While the country's increase in year-on-year imports is mainly due to the global energy price hikes, such as of crude oil, gas and coal, the decline in the export volume has been largely affected by the downturn in the global sales of chips, displays, petrochemical items and steel products.
Specifically, the export of semiconductors ― the largest export item for the Korean economy ― stood at $9.23 billion in October, the first time in 17 months that it recorded below $10 billion. The export of semiconductors has been logging a losing streak for three consecutive months since August of this year. Other major export items, such as computers, electronic appliances, petrochemicals and steel, particularly posted major year-on-year decreases, as they each logged year-on-year falls of 37.1 percent, 22.3 percent, 25.5 percent and 20.8 percent, respectively. Only automobiles, one of major export items of Korea, and secondary batteries, logged double-digit year-on-year increase rates of 28.5 percent and 16.7 percent, respectively, in their export volumes.

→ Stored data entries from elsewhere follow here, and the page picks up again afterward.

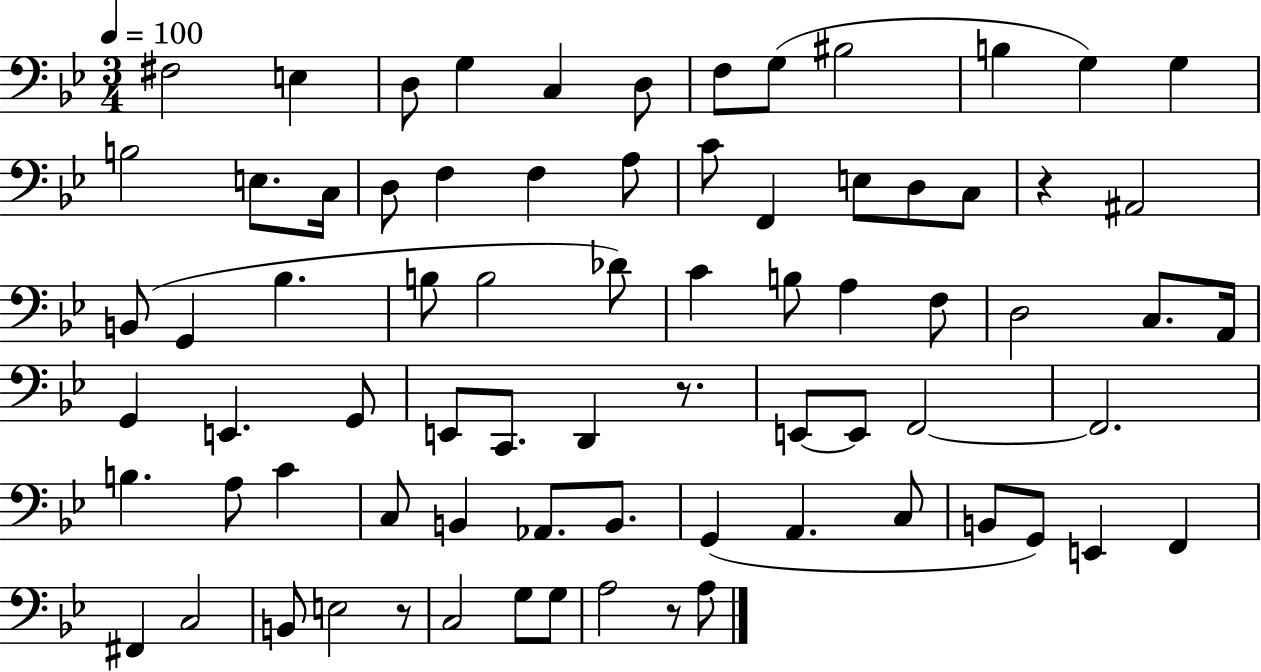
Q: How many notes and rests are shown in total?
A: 75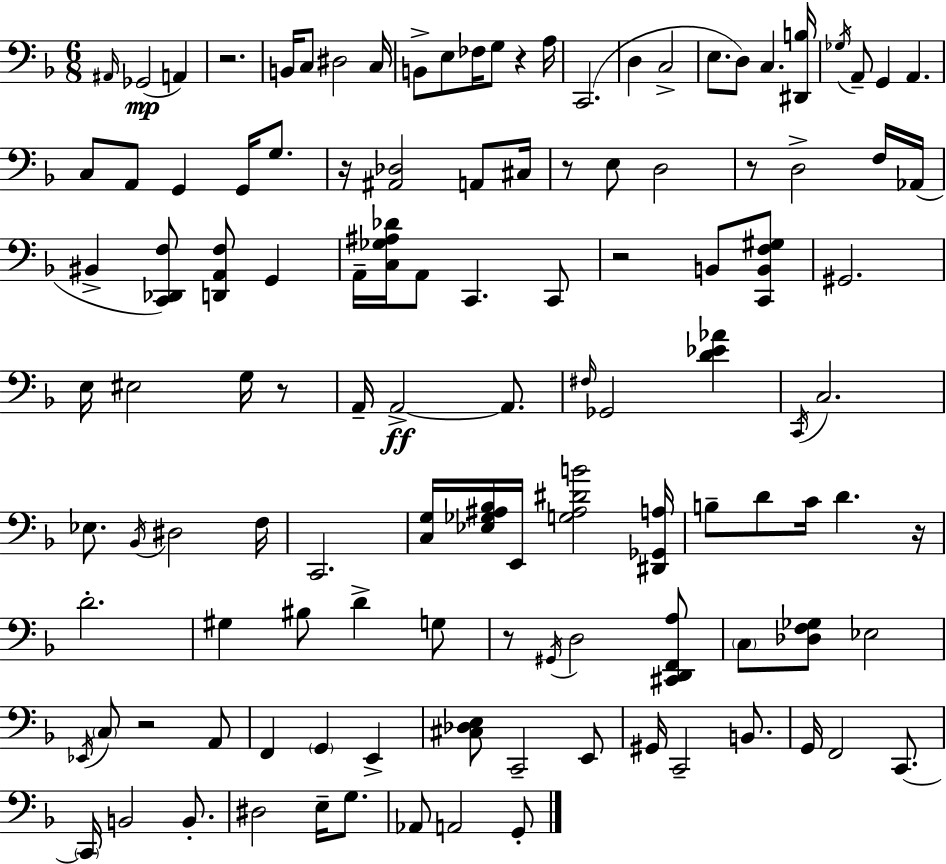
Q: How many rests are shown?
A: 10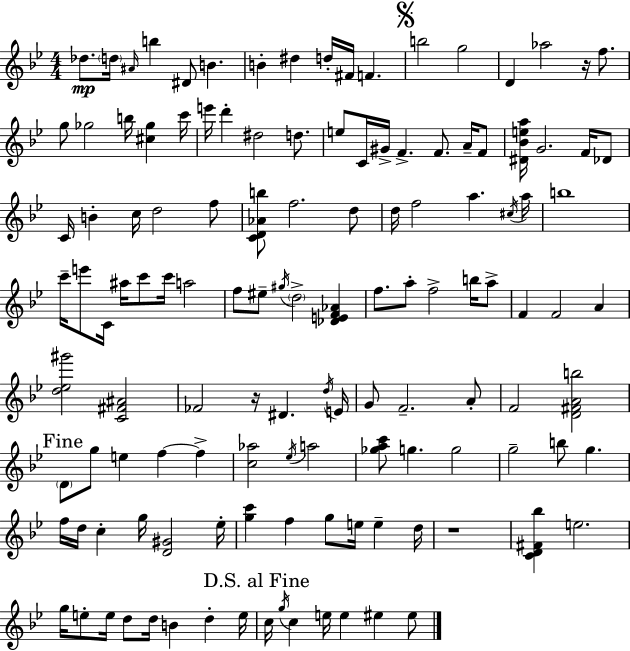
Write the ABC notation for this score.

X:1
T:Untitled
M:4/4
L:1/4
K:Gm
_d/2 d/4 ^A/4 b ^D/2 B B ^d d/4 ^F/4 F b2 g2 D _a2 z/4 f/2 g/2 _g2 b/4 [^c_g] c'/4 e'/4 d' ^d2 d/2 e/2 C/4 ^G/4 F F/2 A/4 F/2 [^D_Bea]/4 G2 F/4 _D/2 C/4 B c/4 d2 f/2 [CD_Ab]/2 f2 d/2 d/4 f2 a ^c/4 a/4 b4 c'/4 e'/2 C/4 ^a/4 c'/2 c'/4 a2 f/2 ^e/2 ^g/4 d2 [_DEF_A] f/2 a/2 f2 b/4 a/2 F F2 A [d_e^g']2 [C^F^A]2 _F2 z/4 ^D d/4 E/4 G/2 F2 A/2 F2 [D^FAb]2 D/2 g/2 e f f [c_a]2 _e/4 a2 [_gac']/2 g g2 g2 b/2 g f/4 d/4 c g/4 [D^G]2 _e/4 [gc'] f g/2 e/4 e d/4 z4 [CD^F_b] e2 g/4 e/2 e/4 d/2 d/4 B d e/4 c/4 g/4 c e/4 e ^e ^e/2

By region, the largest year-on-year decline in Korea's exports was China. The country's exports to China in October stood at $12.1 billion, a 15.7-percent fall compared to the same month last year. They have been declining for the past five consecutive months, since June.
Common problem for energy-importing countries
Market experts shared the understanding that the fall in global demand is a direct cause of the country's decline in exports, but is a phenomenon currently affecting many countries other than Korea as well.
"The issue of the aggravated trade balance is a common problem for many countries, and is not confined only to the Korean economy. Countries with strong manufacturing industries with large energy import reliance are showing similar patterns in their trade balances. Compared to some other countries like Japan and France, Korea's exports are at a better level," Song Joo-yeon, an analyst at DAOL Investment & Securities, explained.
The analyst added that it is a burden factor that Korea is posting a seven-month consecutive trade deficit, the first time since the Asian Financial Crisis in the late 1990s.
"As the WTO has lowered its outlook on next year's global trade growth rate to 1.0 percent from its previous outlook of 3.4 percent, market participants need to be more cautious about the trade cycle worsening amidst the growing possibility of an economic recession," the analyst said.
Another market analyst pointed out that the continuing trade deficit is expected to add more pressure on the won falling in value against the dollar.
"Although a worsening trade deficit is a common phenomenon being experienced by some countries with strong manufacturing sectors and high energy import dependency, the mounting pressure on the won-dollar exchange rate is likely to continue if the trade deficit continues," Lee Da-eun, analyst at Daishin Securities, said.
Market experts forecast that the trend of declining exports is likely to continue until the first half of next year.
"Considering the global economic outlook, the weak performance of the country's exports is likely to continue until the first half of next year," Lim Hye-yoon, an economist at Hanwha Investment & Securities, said.